### Prompt
Give the entries again exactly. Skip the pictures.

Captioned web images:

★ ★ ★ ★ ★

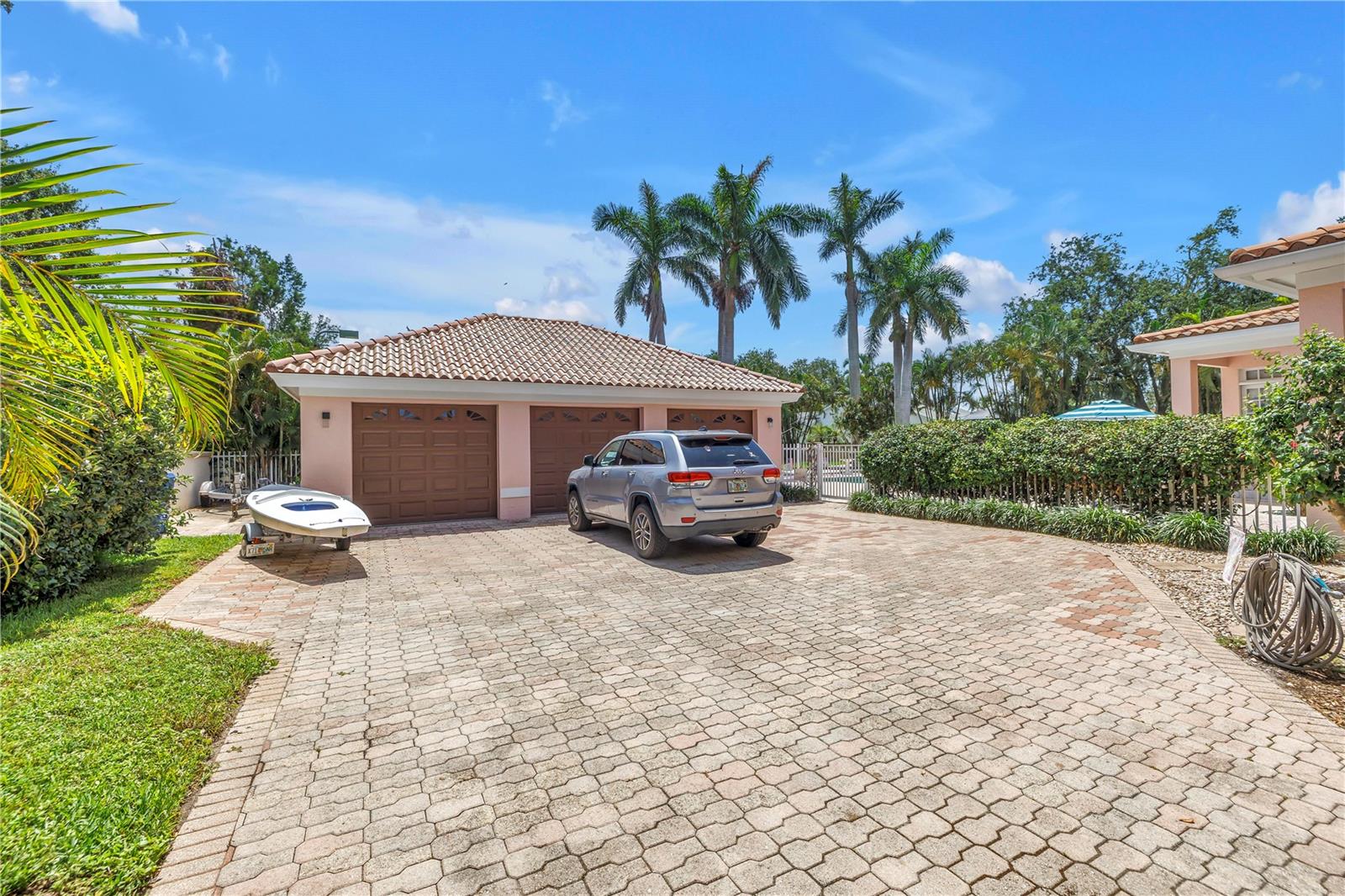 Image 36 of 45 For 4930 Sandpiper Lane S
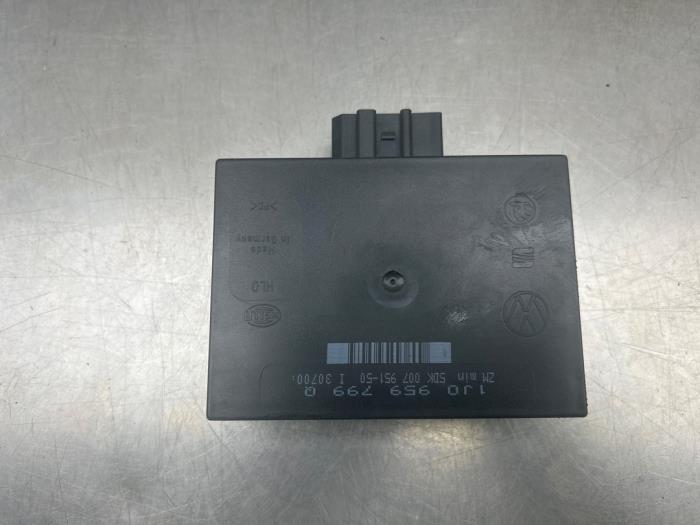 Gebruikte Computer Body Control Volkswagen Golf IV (1J1) 1.6 Prijs € 50,00 Margeregeling aangeboden door Gebr Opdam B.V.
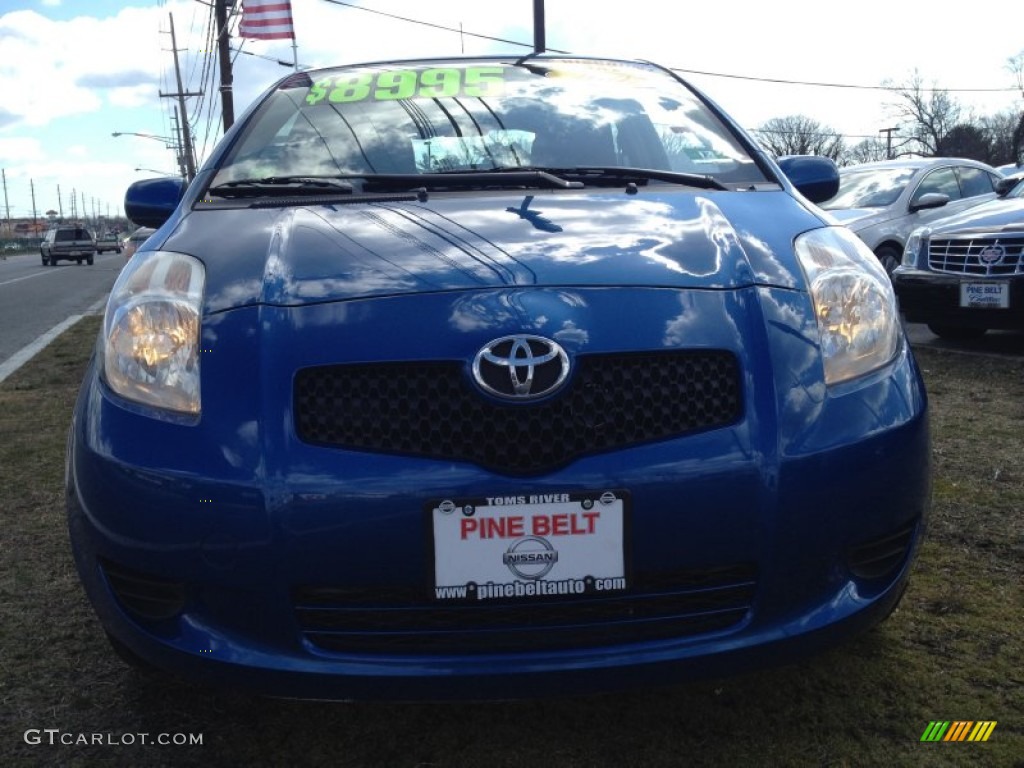 2007 Yaris 3 Door Liftback - Blazing Blue Metallic / Dark Charcoal photo #2
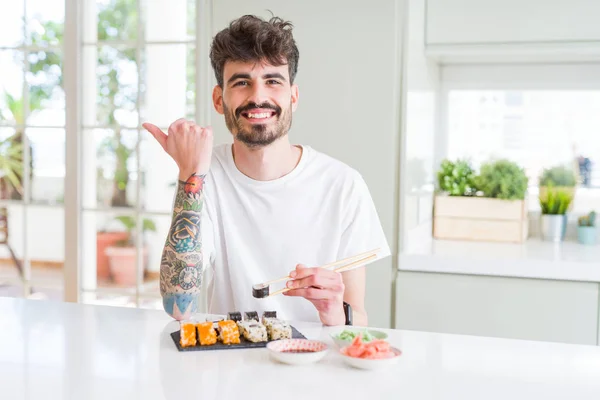 Joven Comiendo Sushi Asiático Entrega Domicilio Señalando Mostrando Con Pulgar — Foto de Stock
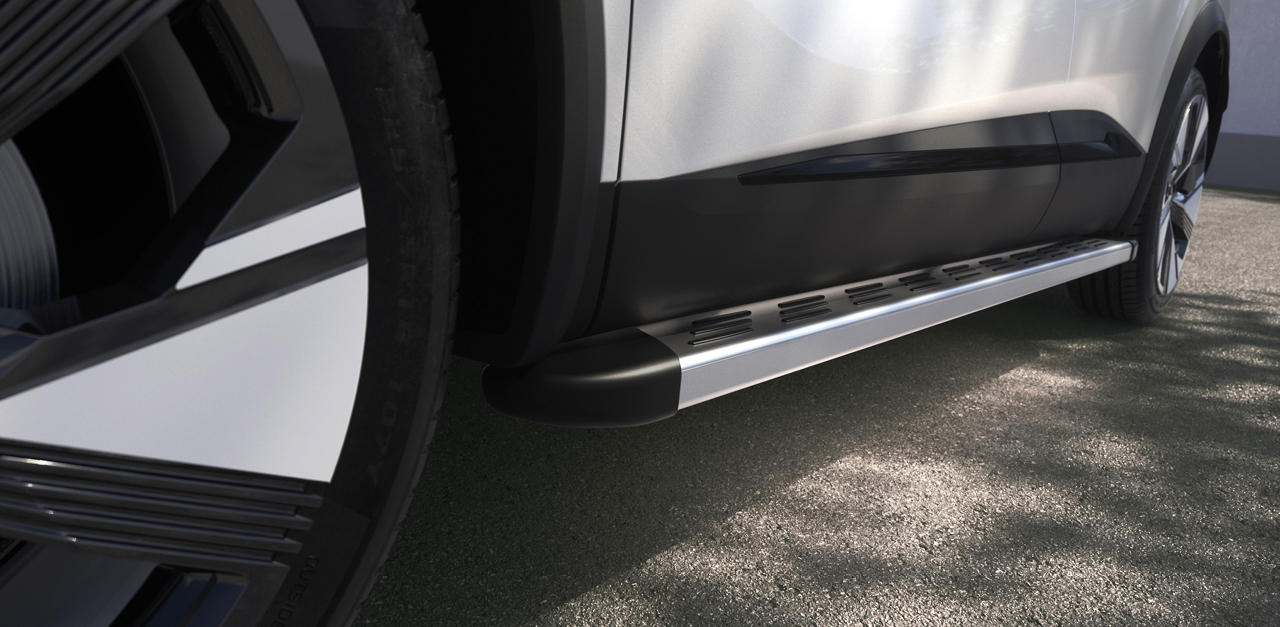 Nahaufnahme eines Trittbrettes seitlich an einem Mitsubishi Grandis.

★ ★ ★ ★ ★

### Solution to the exercise
 Image 36 of 45 For 4930 Sandpiper Lane S
 Gebruikte Computer Body Control Volkswagen Golf IV (1J1) 1.6 Prijs € 50,00 Margeregeling aangeboden door Gebr Opdam B.V.
 2007 Yaris 3 Door Liftback - Blazing Blue Metallic / Dark Charcoal photo #2
 Joven Comiendo Sushi Asiático Entrega Domicilio Señalando Mostrando Con Pulgar — Foto de Stock
 Nahaufnahme eines Trittbrettes seitlich an einem Mitsubishi Grandis.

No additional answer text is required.